PROMPT:
From the line with "We Love Beer" to the line with "Divided We Fall: How", retype every line exactly, including those two, and leave out the rest of the data below.

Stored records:
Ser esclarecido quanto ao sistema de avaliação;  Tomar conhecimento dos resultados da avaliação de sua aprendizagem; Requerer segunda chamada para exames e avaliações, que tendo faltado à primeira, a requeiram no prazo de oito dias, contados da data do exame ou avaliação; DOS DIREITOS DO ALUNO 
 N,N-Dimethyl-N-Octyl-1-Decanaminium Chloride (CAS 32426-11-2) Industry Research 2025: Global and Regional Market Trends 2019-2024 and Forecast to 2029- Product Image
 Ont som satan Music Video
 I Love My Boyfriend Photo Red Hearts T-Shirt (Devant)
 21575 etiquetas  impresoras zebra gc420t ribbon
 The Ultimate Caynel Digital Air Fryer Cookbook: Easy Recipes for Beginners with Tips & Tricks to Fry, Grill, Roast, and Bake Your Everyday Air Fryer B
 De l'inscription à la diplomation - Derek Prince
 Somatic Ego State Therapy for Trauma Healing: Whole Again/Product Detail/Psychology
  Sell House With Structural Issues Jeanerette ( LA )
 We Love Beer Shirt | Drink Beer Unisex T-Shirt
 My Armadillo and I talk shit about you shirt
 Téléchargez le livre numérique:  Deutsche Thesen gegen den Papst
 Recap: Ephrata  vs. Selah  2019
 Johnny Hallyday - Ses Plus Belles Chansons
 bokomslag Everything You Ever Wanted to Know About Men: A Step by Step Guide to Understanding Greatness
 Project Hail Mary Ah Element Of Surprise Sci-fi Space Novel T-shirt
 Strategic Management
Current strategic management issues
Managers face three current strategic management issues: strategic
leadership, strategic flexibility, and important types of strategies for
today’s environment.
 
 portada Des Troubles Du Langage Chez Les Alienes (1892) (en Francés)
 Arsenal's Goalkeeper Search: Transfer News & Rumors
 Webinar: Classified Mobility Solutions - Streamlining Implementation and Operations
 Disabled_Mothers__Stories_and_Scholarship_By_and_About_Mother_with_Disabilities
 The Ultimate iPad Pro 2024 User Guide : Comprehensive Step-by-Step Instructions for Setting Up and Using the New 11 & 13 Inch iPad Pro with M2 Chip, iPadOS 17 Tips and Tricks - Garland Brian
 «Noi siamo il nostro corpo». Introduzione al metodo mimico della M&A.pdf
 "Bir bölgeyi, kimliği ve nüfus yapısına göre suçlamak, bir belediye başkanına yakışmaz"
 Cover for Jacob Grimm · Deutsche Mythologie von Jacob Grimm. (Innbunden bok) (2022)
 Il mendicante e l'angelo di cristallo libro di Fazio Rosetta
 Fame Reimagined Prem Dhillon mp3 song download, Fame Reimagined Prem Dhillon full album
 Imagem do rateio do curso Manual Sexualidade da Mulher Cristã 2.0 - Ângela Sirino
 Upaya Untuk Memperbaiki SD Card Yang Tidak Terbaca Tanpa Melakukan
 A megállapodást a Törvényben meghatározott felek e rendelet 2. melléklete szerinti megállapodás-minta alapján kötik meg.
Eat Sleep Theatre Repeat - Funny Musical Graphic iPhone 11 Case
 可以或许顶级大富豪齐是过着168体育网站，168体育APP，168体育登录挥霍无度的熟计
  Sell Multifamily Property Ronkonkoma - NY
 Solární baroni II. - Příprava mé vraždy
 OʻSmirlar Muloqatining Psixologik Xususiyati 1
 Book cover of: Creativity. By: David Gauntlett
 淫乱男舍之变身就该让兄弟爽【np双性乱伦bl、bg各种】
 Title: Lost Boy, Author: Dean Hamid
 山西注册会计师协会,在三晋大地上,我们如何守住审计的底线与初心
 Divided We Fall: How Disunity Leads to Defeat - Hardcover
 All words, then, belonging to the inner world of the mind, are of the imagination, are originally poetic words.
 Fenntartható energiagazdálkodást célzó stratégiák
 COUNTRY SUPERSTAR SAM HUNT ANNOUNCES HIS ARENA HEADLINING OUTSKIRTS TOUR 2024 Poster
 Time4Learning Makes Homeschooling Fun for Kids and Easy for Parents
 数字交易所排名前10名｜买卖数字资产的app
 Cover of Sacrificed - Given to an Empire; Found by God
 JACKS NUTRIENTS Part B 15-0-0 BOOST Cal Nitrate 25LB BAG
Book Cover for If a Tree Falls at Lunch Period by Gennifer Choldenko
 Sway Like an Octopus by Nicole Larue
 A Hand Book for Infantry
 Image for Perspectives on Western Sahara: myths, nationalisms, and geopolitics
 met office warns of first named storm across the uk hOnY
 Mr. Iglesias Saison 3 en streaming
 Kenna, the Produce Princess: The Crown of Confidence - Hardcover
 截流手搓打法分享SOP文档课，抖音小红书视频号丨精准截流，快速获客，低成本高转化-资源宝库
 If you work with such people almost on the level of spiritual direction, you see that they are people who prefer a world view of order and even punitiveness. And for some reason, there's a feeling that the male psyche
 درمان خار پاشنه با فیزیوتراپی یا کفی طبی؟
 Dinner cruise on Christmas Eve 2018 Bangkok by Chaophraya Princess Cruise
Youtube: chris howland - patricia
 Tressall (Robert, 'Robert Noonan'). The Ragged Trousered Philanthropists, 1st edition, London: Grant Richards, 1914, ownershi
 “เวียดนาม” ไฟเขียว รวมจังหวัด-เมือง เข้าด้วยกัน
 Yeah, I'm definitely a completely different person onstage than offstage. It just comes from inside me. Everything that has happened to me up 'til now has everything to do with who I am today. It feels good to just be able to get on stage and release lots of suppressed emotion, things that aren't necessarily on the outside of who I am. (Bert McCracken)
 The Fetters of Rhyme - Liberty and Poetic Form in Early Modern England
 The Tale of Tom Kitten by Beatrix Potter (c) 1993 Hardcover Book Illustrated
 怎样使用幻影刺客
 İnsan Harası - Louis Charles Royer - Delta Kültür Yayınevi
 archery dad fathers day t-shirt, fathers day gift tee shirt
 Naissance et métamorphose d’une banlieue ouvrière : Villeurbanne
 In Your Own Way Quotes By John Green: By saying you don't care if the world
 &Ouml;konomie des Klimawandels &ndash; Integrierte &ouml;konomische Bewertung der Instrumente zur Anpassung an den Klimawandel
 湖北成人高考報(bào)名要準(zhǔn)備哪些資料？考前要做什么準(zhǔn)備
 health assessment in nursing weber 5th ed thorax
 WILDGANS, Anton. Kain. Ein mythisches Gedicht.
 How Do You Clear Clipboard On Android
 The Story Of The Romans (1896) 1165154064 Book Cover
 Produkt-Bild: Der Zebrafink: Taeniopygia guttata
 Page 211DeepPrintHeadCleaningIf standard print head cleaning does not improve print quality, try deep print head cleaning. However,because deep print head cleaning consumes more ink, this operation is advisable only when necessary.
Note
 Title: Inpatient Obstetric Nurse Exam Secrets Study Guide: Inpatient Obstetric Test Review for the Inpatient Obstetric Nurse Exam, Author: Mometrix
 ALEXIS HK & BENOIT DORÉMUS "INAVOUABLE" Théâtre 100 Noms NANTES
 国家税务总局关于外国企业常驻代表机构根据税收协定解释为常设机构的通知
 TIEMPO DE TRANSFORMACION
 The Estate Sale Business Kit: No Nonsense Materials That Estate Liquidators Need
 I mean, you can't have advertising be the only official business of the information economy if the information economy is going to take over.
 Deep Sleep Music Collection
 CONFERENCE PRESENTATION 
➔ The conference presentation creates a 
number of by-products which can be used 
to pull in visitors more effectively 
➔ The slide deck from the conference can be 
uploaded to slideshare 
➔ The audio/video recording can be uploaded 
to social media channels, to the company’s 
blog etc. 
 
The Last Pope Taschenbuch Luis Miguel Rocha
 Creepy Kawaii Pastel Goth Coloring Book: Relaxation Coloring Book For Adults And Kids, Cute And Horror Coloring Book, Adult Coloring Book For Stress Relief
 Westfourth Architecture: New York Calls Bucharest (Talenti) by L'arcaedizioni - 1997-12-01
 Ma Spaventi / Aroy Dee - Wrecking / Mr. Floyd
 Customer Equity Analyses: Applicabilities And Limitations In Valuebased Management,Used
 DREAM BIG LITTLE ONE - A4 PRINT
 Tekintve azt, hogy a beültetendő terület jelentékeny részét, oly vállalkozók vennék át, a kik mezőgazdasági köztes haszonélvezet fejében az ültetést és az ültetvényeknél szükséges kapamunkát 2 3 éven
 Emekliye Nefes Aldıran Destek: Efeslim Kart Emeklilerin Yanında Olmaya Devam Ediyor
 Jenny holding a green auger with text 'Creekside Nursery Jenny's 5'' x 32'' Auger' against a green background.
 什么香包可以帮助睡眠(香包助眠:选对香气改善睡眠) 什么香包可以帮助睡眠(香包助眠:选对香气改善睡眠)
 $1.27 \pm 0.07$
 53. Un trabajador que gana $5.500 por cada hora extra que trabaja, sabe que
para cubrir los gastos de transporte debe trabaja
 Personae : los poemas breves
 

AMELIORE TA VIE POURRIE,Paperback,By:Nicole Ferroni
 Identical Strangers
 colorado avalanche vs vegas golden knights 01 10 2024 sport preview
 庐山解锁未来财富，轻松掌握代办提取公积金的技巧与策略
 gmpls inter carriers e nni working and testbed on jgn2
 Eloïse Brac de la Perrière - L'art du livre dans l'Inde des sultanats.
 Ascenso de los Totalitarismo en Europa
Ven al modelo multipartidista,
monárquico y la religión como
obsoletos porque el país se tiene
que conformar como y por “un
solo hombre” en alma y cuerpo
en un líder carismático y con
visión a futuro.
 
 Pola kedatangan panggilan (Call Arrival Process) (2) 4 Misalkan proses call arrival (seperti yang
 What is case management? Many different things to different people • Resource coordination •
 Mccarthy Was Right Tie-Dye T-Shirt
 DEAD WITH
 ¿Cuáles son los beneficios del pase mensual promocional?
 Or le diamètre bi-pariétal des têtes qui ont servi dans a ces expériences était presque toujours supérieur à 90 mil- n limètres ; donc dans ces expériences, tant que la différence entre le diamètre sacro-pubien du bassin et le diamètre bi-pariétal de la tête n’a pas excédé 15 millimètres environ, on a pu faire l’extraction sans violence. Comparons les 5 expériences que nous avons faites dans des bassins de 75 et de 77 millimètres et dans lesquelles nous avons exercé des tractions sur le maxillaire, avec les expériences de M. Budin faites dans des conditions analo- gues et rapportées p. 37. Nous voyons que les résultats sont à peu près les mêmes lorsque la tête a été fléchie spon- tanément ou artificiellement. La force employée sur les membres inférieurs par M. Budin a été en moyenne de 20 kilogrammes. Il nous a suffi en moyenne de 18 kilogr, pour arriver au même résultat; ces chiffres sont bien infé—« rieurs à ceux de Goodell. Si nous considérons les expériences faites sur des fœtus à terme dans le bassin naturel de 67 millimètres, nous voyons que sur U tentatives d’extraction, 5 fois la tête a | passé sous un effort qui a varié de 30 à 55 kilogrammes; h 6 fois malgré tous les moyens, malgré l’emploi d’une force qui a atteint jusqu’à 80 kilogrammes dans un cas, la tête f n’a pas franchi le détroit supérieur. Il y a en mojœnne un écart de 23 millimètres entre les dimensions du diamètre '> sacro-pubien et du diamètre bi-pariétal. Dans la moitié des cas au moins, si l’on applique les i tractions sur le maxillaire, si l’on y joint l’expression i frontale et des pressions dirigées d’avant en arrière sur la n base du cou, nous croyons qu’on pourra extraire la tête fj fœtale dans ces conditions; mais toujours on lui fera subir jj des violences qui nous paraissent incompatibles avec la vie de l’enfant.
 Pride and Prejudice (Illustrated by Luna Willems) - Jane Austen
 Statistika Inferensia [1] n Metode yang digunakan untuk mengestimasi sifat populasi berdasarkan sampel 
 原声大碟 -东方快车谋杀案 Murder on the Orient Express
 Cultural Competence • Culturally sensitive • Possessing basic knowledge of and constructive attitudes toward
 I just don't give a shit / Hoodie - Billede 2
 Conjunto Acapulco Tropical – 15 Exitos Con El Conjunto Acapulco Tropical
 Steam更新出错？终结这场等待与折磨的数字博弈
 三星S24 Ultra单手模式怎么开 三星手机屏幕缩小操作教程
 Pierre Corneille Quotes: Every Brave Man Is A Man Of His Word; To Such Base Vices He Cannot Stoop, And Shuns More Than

SOLVED EXERCISE:
 We Love Beer Shirt | Drink Beer Unisex T-Shirt
 My Armadillo and I talk shit about you shirt
 Téléchargez le livre numérique:  Deutsche Thesen gegen den Papst
 Recap: Ephrata  vs. Selah  2019
 Johnny Hallyday - Ses Plus Belles Chansons
 bokomslag Everything You Ever Wanted to Know About Men: A Step by Step Guide to Understanding Greatness
 Project Hail Mary Ah Element Of Surprise Sci-fi Space Novel T-shirt
 Strategic Management
Current strategic management issues
Managers face three current strategic management issues: strategic
leadership, strategic flexibility, and important types of strategies for
today’s environment.
 
 portada Des Troubles Du Langage Chez Les Alienes (1892) (en Francés)
 Arsenal's Goalkeeper Search: Transfer News & Rumors
 Webinar: Classified Mobility Solutions - Streamlining Implementation and Operations
 Disabled_Mothers__Stories_and_Scholarship_By_and_About_Mother_with_Disabilities
 The Ultimate iPad Pro 2024 User Guide : Comprehensive Step-by-Step Instructions for Setting Up and Using the New 11 & 13 Inch iPad Pro with M2 Chip, iPadOS 17 Tips and Tricks - Garland Brian
 «Noi siamo il nostro corpo». Introduzione al metodo mimico della M&A.pdf
 "Bir bölgeyi, kimliği ve nüfus yapısına göre suçlamak, bir belediye başkanına yakışmaz"
 Cover for Jacob Grimm · Deutsche Mythologie von Jacob Grimm. (Innbunden bok) (2022)
 Il mendicante e l'angelo di cristallo libro di Fazio Rosetta
 Fame Reimagined Prem Dhillon mp3 song download, Fame Reimagined Prem Dhillon full album
 Imagem do rateio do curso Manual Sexualidade da Mulher Cristã 2.0 - Ângela Sirino
 Upaya Untuk Memperbaiki SD Card Yang Tidak Terbaca Tanpa Melakukan
 A megállapodást a Törvényben meghatározott felek e rendelet 2. melléklete szerinti megállapodás-minta alapján kötik meg.
Eat Sleep Theatre Repeat - Funny Musical Graphic iPhone 11 Case
 可以或许顶级大富豪齐是过着168体育网站，168体育APP，168体育登录挥霍无度的熟计
  Sell Multifamily Property Ronkonkoma - NY
 Solární baroni II. - Příprava mé vraždy
 OʻSmirlar Muloqatining Psixologik Xususiyati 1
 Book cover of: Creativity. By: David Gauntlett
 淫乱男舍之变身就该让兄弟爽【np双性乱伦bl、bg各种】
 Title: Lost Boy, Author: Dean Hamid
 山西注册会计师协会,在三晋大地上,我们如何守住审计的底线与初心
 Divided We Fall: How Disunity Leads to Defeat - Hardcover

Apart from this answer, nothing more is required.